**Given information**
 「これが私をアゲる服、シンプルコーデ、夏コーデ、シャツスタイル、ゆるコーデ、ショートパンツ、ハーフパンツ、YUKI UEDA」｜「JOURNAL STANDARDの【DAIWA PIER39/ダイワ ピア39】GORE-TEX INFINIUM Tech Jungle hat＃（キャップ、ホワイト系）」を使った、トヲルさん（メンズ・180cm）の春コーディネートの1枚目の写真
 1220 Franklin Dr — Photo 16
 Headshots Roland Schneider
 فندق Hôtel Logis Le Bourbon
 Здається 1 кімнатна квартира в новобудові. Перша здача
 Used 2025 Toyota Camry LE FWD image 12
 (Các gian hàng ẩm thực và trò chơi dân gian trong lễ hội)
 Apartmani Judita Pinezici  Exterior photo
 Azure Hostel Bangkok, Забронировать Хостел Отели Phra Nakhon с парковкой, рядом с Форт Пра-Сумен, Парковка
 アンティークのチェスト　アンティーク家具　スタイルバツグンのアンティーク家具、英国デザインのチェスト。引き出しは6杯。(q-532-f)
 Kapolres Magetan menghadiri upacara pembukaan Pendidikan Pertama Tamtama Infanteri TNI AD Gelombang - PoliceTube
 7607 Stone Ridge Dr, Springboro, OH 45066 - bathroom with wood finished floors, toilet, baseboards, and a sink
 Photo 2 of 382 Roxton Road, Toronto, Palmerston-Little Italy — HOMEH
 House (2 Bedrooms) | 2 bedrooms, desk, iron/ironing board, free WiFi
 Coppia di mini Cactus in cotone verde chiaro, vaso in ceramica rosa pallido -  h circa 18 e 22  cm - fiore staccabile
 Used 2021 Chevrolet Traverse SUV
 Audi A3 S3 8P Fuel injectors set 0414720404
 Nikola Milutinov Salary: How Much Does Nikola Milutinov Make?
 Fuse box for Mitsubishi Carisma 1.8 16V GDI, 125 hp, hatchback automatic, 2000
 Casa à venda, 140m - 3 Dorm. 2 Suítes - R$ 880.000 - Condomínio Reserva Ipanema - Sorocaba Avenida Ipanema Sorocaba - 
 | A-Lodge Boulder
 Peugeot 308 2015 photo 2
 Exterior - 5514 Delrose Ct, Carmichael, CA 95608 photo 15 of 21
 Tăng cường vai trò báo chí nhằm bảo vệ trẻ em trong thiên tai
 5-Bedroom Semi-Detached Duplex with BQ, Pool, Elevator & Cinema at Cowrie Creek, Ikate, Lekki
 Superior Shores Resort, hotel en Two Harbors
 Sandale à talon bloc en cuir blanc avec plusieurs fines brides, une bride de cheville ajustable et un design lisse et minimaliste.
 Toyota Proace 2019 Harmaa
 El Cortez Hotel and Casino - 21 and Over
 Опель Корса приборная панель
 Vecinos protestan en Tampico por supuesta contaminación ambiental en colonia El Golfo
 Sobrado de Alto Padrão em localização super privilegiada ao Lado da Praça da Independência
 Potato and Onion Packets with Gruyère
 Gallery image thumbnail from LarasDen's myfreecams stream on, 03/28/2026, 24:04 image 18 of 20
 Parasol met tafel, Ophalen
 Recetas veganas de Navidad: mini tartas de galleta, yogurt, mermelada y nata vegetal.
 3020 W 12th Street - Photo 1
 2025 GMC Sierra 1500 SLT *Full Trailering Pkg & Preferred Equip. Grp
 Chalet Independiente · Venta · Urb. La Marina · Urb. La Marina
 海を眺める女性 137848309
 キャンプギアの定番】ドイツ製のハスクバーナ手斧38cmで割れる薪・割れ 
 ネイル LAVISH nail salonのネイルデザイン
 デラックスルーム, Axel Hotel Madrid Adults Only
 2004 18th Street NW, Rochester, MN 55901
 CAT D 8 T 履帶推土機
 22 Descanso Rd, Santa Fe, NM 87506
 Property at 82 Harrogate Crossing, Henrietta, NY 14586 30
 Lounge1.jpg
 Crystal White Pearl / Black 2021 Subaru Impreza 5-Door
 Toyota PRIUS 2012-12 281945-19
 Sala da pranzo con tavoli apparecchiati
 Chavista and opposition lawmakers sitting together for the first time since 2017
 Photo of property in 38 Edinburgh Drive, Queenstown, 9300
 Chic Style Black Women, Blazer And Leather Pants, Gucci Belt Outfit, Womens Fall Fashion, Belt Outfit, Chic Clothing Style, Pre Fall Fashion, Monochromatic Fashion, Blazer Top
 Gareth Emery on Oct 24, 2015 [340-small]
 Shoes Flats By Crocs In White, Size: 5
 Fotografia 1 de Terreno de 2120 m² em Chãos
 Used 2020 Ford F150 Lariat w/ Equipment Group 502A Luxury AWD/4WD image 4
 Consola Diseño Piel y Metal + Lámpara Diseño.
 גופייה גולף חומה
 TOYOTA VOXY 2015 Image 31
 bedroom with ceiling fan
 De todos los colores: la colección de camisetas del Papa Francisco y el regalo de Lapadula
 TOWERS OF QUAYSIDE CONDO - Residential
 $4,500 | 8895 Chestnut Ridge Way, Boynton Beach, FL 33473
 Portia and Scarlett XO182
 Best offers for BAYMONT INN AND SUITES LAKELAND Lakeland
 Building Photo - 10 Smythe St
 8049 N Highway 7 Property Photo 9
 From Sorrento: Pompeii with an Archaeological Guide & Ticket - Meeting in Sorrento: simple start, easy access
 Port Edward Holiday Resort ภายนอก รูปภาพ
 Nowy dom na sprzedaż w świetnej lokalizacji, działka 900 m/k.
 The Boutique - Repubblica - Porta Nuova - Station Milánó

**What is required**
Each line above from the one with "Azure Hostel Bangkok, Забронировать" up to and including the one with "2025 GMC Sierra" must be set down exactly, and no line outside that span may appear.

**Written answer**
 Azure Hostel Bangkok, Забронировать Хостел Отели Phra Nakhon с парковкой, рядом с Форт Пра-Сумен, Парковка
 アンティークのチェスト　アンティーク家具　スタイルバツグンのアンティーク家具、英国デザインのチェスト。引き出しは6杯。(q-532-f)
 Kapolres Magetan menghadiri upacara pembukaan Pendidikan Pertama Tamtama Infanteri TNI AD Gelombang - PoliceTube
 7607 Stone Ridge Dr, Springboro, OH 45066 - bathroom with wood finished floors, toilet, baseboards, and a sink
 Photo 2 of 382 Roxton Road, Toronto, Palmerston-Little Italy — HOMEH
 House (2 Bedrooms) | 2 bedrooms, desk, iron/ironing board, free WiFi
 Coppia di mini Cactus in cotone verde chiaro, vaso in ceramica rosa pallido -  h circa 18 e 22  cm - fiore staccabile
 Used 2021 Chevrolet Traverse SUV
 Audi A3 S3 8P Fuel injectors set 0414720404
 Nikola Milutinov Salary: How Much Does Nikola Milutinov Make?
 Fuse box for Mitsubishi Carisma 1.8 16V GDI, 125 hp, hatchback automatic, 2000
 Casa à venda, 140m - 3 Dorm. 2 Suítes - R$ 880.000 - Condomínio Reserva Ipanema - Sorocaba Avenida Ipanema Sorocaba - 
 | A-Lodge Boulder
 Peugeot 308 2015 photo 2
 Exterior - 5514 Delrose Ct, Carmichael, CA 95608 photo 15 of 21
 Tăng cường vai trò báo chí nhằm bảo vệ trẻ em trong thiên tai
 5-Bedroom Semi-Detached Duplex with BQ, Pool, Elevator & Cinema at Cowrie Creek, Ikate, Lekki
 Superior Shores Resort, hotel en Two Harbors
 Sandale à talon bloc en cuir blanc avec plusieurs fines brides, une bride de cheville ajustable et un design lisse et minimaliste.
 Toyota Proace 2019 Harmaa
 El Cortez Hotel and Casino - 21 and Over
 Опель Корса приборная панель
 Vecinos protestan en Tampico por supuesta contaminación ambiental en colonia El Golfo
 Sobrado de Alto Padrão em localização super privilegiada ao Lado da Praça da Independência
 Potato and Onion Packets with Gruyère
 Gallery image thumbnail from LarasDen's myfreecams stream on, 03/28/2026, 24:04 image 18 of 20
 Parasol met tafel, Ophalen
 Recetas veganas de Navidad: mini tartas de galleta, yogurt, mermelada y nata vegetal.
 3020 W 12th Street - Photo 1
 2025 GMC Sierra 1500 SLT *Full Trailering Pkg & Preferred Equip. Grp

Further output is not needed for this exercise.